CHEERS ... to Idaho Gov. Brad Little. For virtually two decades, his Republican predecessors, including Dirk Kempthorne and C.L. “Butch” Otter, refused to place Democrats on the Idaho Fish and Game Commission. They appointed “independents” or “unaffiliated” members to get around a cap on GOP appointees.

But when the same thing happened under Little, attitudes changed. Democratic Senate Leader Michelle Stennett of Ketchum noted Lewiston’s Brad Melton had been a registered Republican until he switched to unaffiliated status when the governor appointed him to the Fish and Game Commission last fall.

“There isn’t a single Democrat on the Fish and Game Commission,” Stennett told Betsy Russell of the Idaho Press. “I did tell them, ‘Try to at least follow the statute.’ ”

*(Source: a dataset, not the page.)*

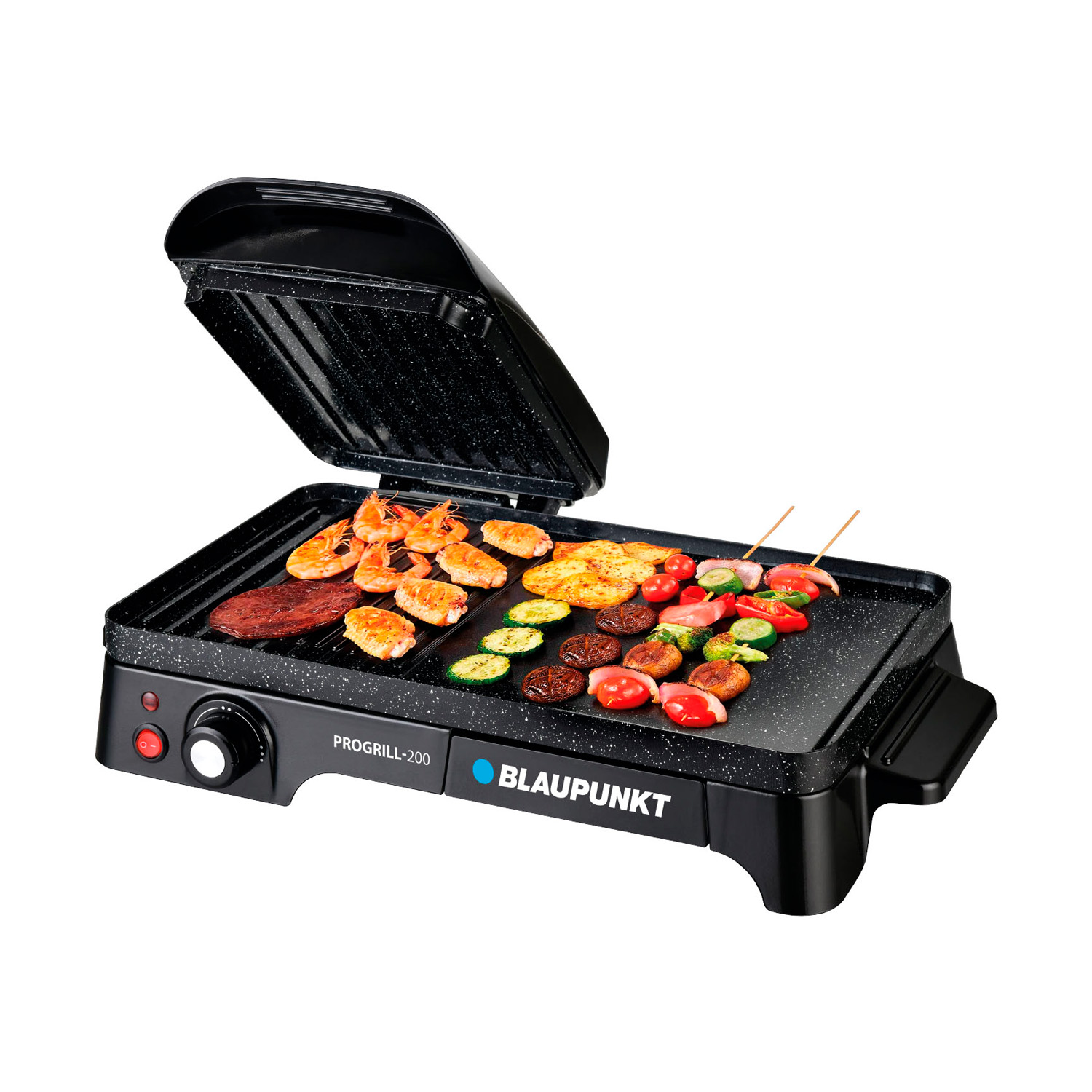 Parrilla Electrica 2 En 1 Blaupunkt Progrill 200 Ceramica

Little agreed. Melton resigned and the governor is looking for a replacement “in accordance with the spirit of the law.”

JEERS ... to north central Idaho’s House delegation.

Reps. Priscilla Giddings, R-White Bird, Mike Kingsley, R-Lewiston, Paul Shepherd, R-Riggins, Thyra Stevenson, R-Nezperce, and Caroline Nilsson Troy, R-Genesee, joined a lopsided 44-23 vote against making modest improvements in the regulations that assure a minimal amount of safety in Idaho’s day care operations.

Rep. Bill Goesling, R-Moscow, voted yes.

This bill did not even get at the core problem with Idaho’s day care licensing system — tolerating too many young children being supervised by too few adults. But it provided for better staff training, more stringent criminal background checks, safer transportation standards and a modicum of emergency planning.

Killing this measure could cost Idaho $$960,000 in federal money this year and $1.6 million next. The money subsidizes child care for some of Idaho’s low-income parents who work outside the home. But why let a minor concern such as child well-being get in the way of cutting regulations? — M.T.